## EXERCISE
Output exactly the lines below, starting with the line that has "Różnice w budowie" and going on through the line that has "map of restaurants, bars, coffee", both included, and no other lines.

## TASK MATERIAL
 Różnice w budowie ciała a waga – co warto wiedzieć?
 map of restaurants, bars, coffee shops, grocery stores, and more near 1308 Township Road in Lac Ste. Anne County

* * *

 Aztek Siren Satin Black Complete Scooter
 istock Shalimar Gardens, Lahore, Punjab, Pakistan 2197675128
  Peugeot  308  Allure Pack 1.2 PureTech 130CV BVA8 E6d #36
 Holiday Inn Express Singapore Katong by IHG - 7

## EXERCISE SOLUTION
 Różnice w budowie ciała a waga – co warto wiedzieć?
 map of restaurants, bars, coffee shops, grocery stores, and more near 1308 Township Road in Lac Ste. Anne County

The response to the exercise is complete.